Same thing with Elon Musk and d o g e and the national debt. Lots of people on the left predicted this would cause huge institutional problems and not really save us that much money and it turns out they were correct about that as well.
My political leanings are similar to yours and I agree that the Trump administration is a disaster, and that many people around here seem not to have predicted this, and that its disastrousness gives some evidence for Team Left over Team Right (which suits me fine since Team Left is my team). But I have some concerns about your presentation here, and in particular about how you set forth your claim that Team Left’s doing better at making correct predictions than Team Right.
First, looking backward, your “ledger” of implicit predictions. (1) I am not sure you get to ascribe predictions to people who didn’t actually make those predictions. (2) These look cherry-picked, in that you’ve picked specific bad things that turned out to happen and complained that people didn’t expect them, without showing predictions of those specific bad things from your side of the table. I think if you’d asked me about several of those things before Trump took office I’d have said “I wouldn’t put anything past those guys but I don’t know whether they’ll do that in particular” rather than “yes, a Trump administration will definitely do that”.
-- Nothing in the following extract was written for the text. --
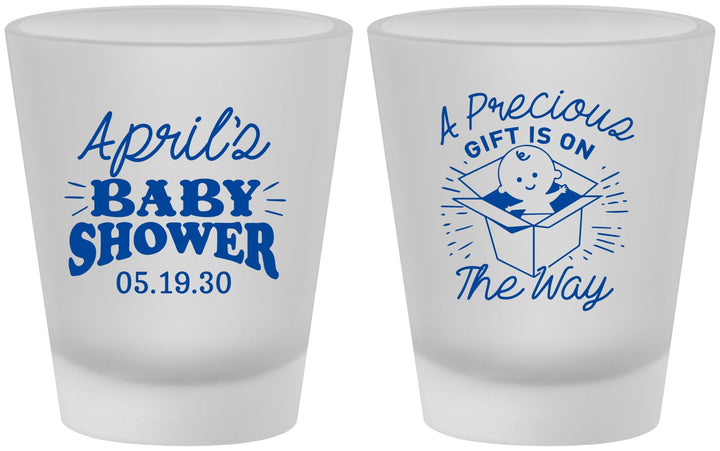 Custom Baby Shower Frosted Shot Glasses - Precious Gift | 90057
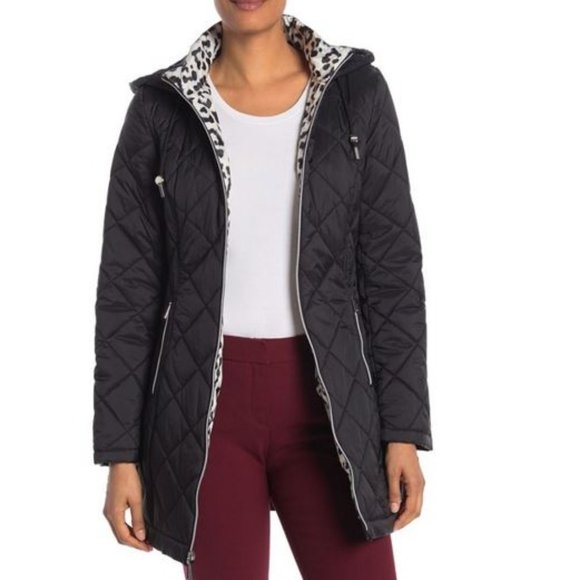 NWT Laundry by Shelli Segal Quilted Parka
And then you say “look at those probabilities”. Those probabilities which … you just made up? If you’d picked smaller numbers, would the case against some LWers’ past complacency magically be much stronger?
Second, looking forward, your “forward predictions” are unfortunately not such as to provide much evidence for or against your position whatever happens. The odds ratio for “David is right about everything” versus “David is wrong about everything” is only .65/.35 .6/.4 .6/.4 .75/.25 .55/.45 or about 15:1, and the biggest factor there is from your prediction that the Deputy Director of the FBI will not be replaced, within a year, by someone with a better background; what do the base rates look like on that? (My guess: much the same as your prediction.)
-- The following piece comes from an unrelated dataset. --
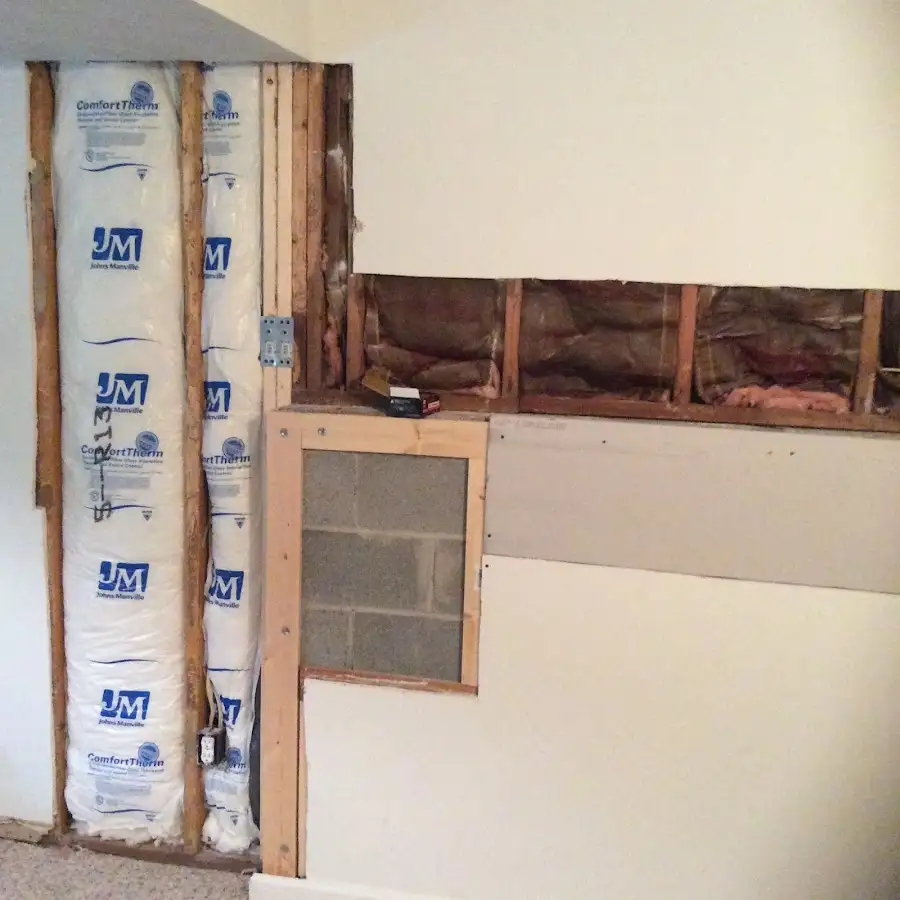 Wall insulation replacement during Contents Cleaning & Restoration in Oelwein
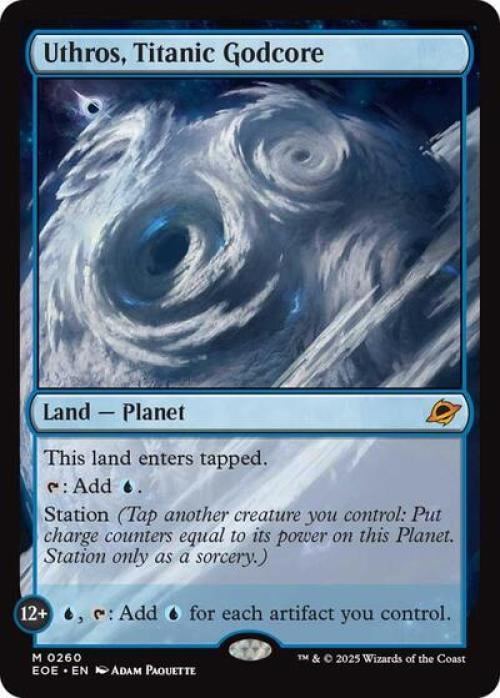 Magic the Gathering - Edge of Eternities - Uthros, Titanic Godcore Near Mint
At least one of them doesn’t seem like it’s “about” the relevant political issues. “At least 2 additional states formalize independent public-health compacts beyond current ones”: if this happens, as you predict with probability 0.6, I don’t see how that’s evidence that the Trump administration is worse than if it didn’t (it’s a matter of how people who are very much not the Trump administration behave), nor evidence that leftish political views are more accurate than rightish ones (it’s maybe evidence that the Trump administration’s treatment of healthcare is disastrous, but I doubt many people around here would dispute that anyway).
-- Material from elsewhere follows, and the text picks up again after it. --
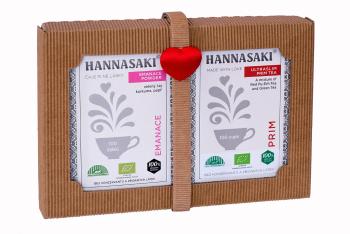 Hannasaki V kondici po celý rok set BIO čajů 2x50 g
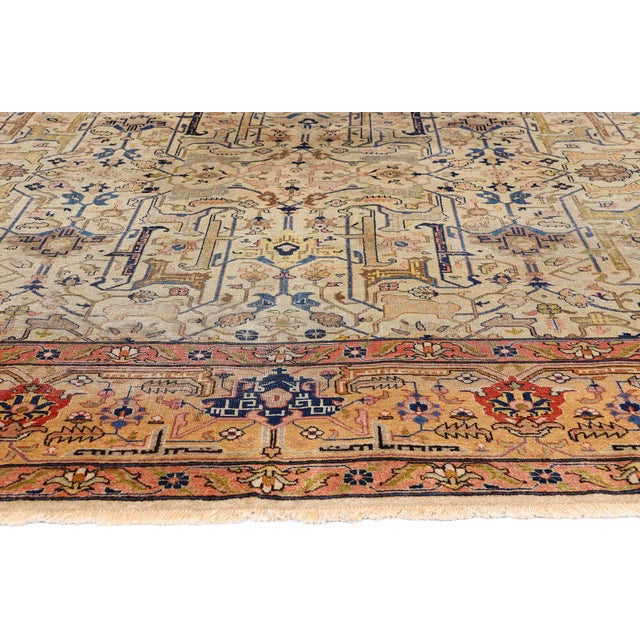 Antique Persian Tabriz Rug, 09'01 X 11'05 For Sale - Image 4 of 10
Those are fair critiques and I’ll admit that I’m not the best writer and that I could have structured this better or maybe tightened up this essay. As far as my ledger I would say that implicit predictions are there and valuable because we all implicitly predict that the sun will rise the next day just because we don’t articulate it doesn’t mean that prediction isn’t real and we don’t make decisions based off of it.
And here’s the thing we couldn’t have predicted the exact issues that would arise but there were lots of people on the left and liberals who did successfully predict that these things and many other parts of our government would go badly under the Trump term and they aren’t explicit rationalists they just projected based on what he did in his first term. At least the tariffs were well known to be a terrible idea way before he started and he somehow made them worse than what he told us on the campaign Trail.
Same thing with Elon Musk and d o g e and the national debt. Lots of people on the left predicted this would cause huge institutional problems and not really save us that much money and it turns out they were correct about that as well.